* Work order
Once the pictures are set aside, repeat all of the data below exactly.

* Recorded information
Start of Block

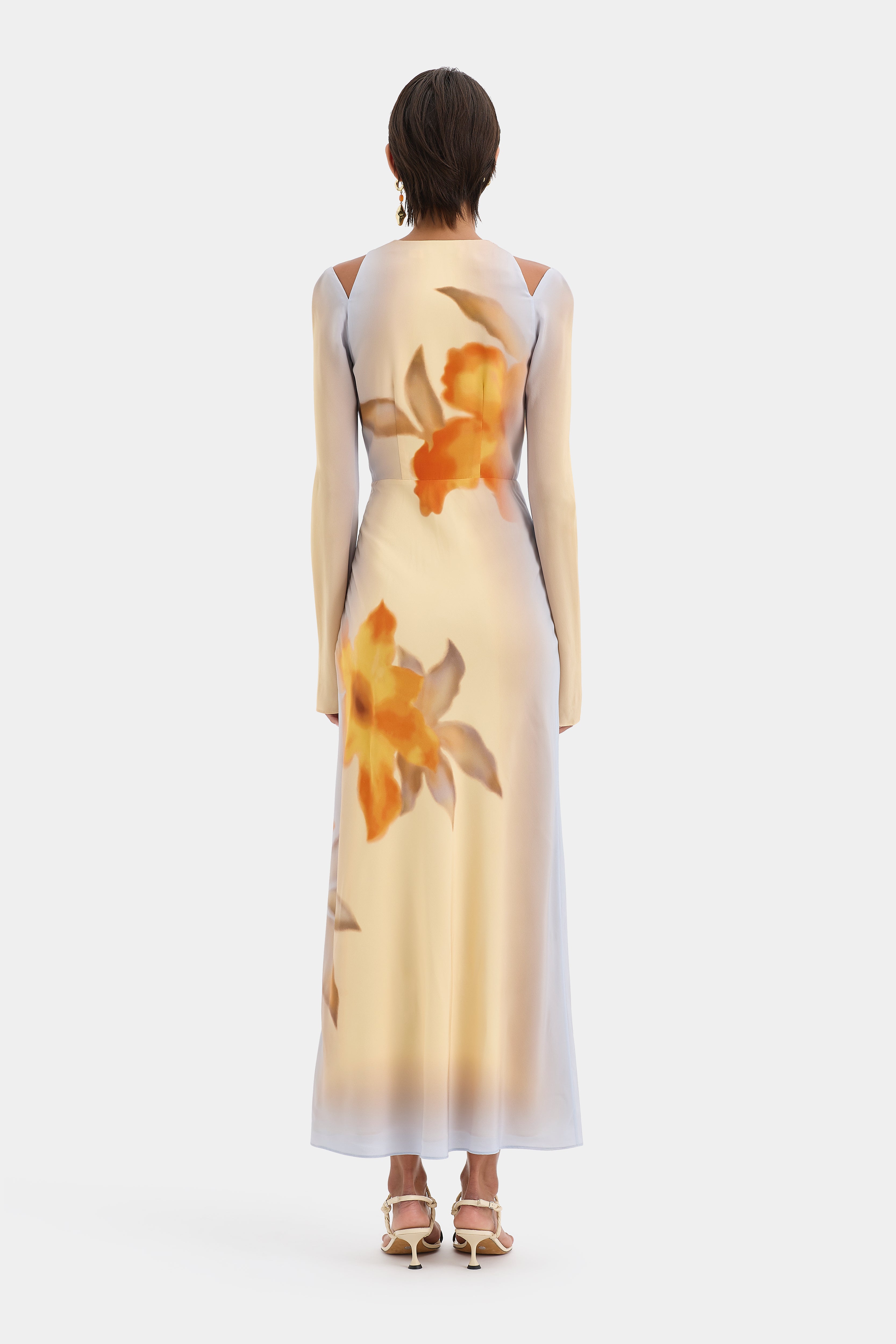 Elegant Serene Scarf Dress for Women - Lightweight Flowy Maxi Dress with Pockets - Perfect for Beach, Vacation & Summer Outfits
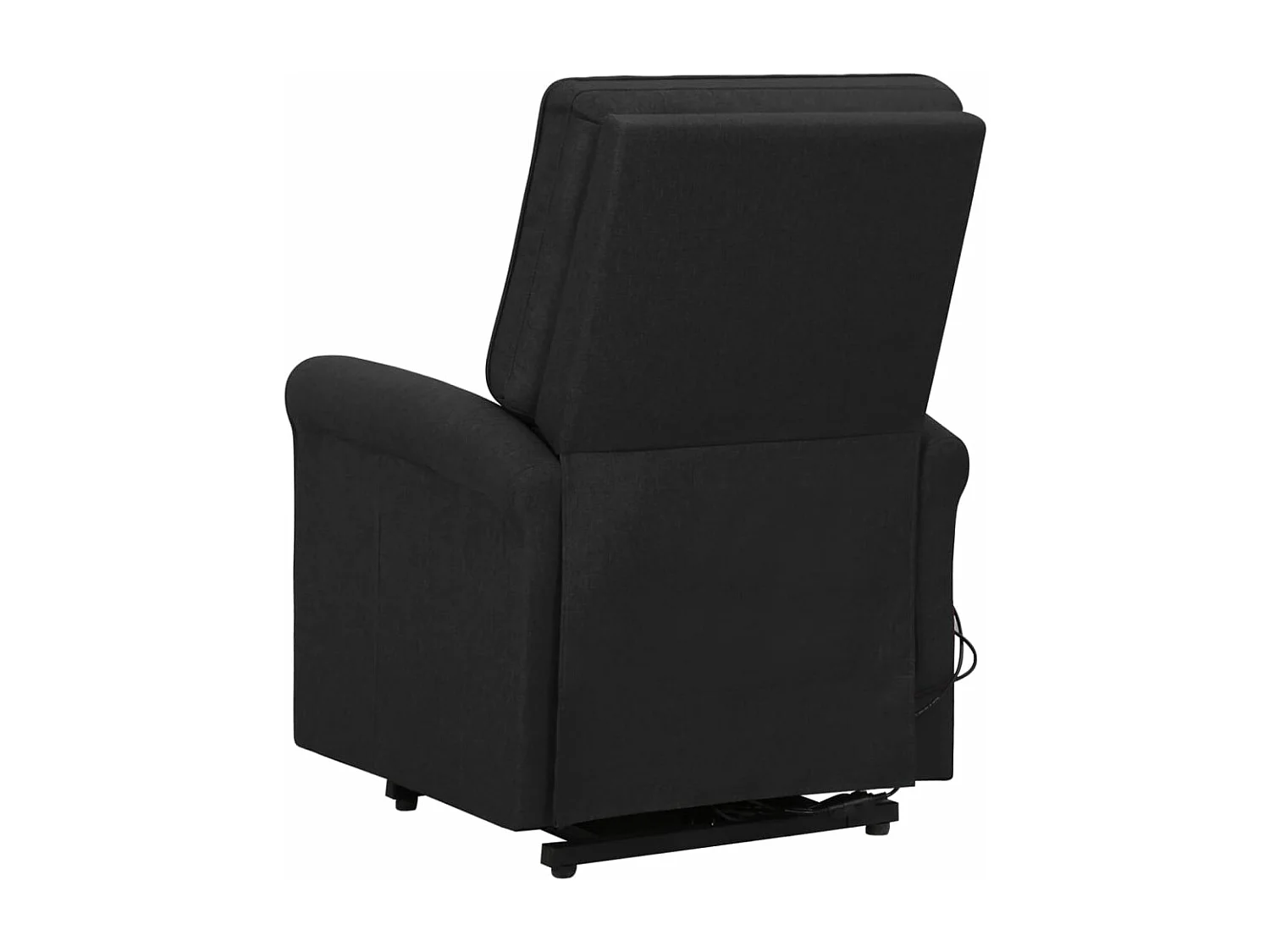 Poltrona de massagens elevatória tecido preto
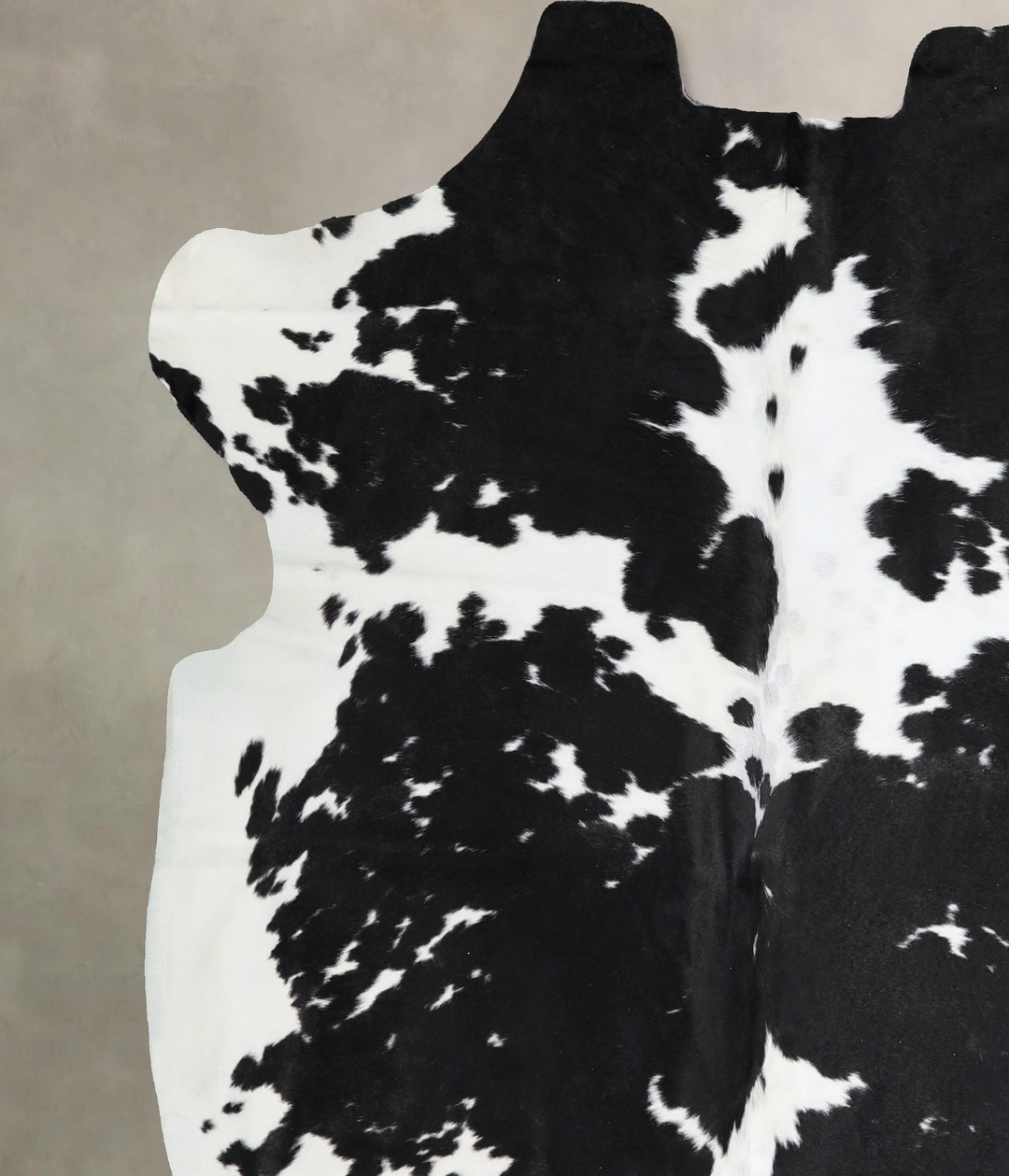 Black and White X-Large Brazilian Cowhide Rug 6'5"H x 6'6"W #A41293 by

End of Block

* Response to this exercise
 Elegant Serene Scarf Dress for Women - Lightweight Flowy Maxi Dress with Pockets - Perfect for Beach, Vacation & Summer Outfits
 Poltrona de massagens elevatória tecido preto
 Black and White X-Large Brazilian Cowhide Rug 6'5"H x 6'6"W #A41293 by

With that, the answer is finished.